**Exercise directions**
Only the lines from the one containing "Red rollator with" through the final line below belong in the output, copied exactly and without pictures.

**Image-caption web data**

_ _ _

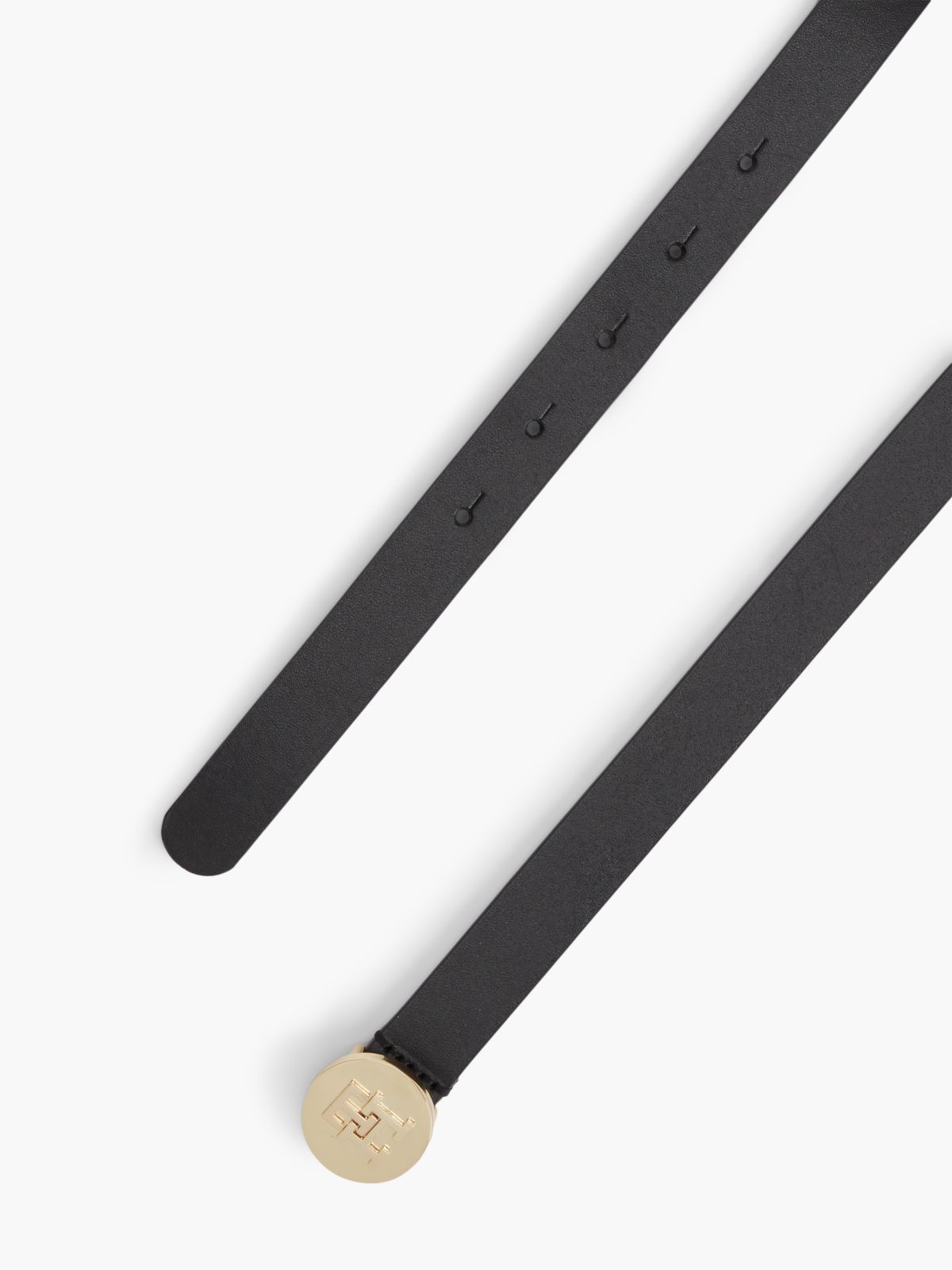 TH Monogram Leather Plaque Belt — Black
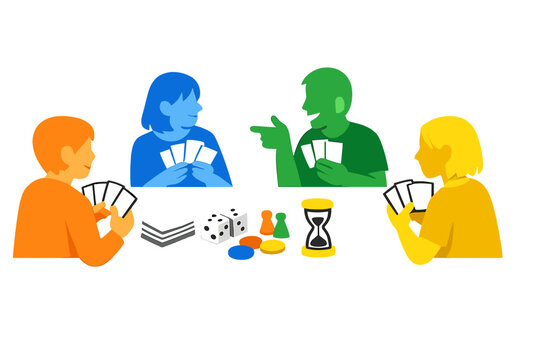 Four friends playing card games around a table with various game pieces and an hourglass during an afternoon gathering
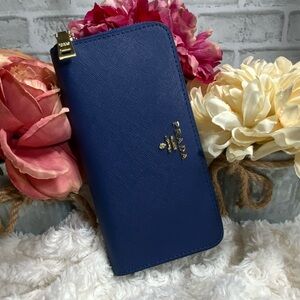Prada Navy Wallet with Gold Detailing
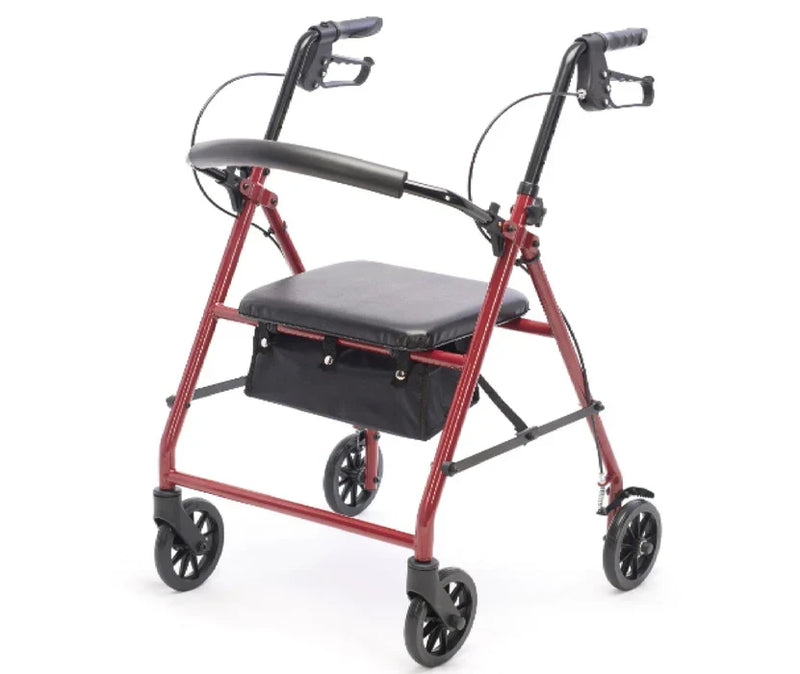 Red rollator with a black seat on a white background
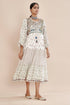 Nazm pink hevy yoke triple tiered dress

_ _ _

**Task result**
 Red rollator with a black seat on a white background
 Nazm pink hevy yoke triple tiered dress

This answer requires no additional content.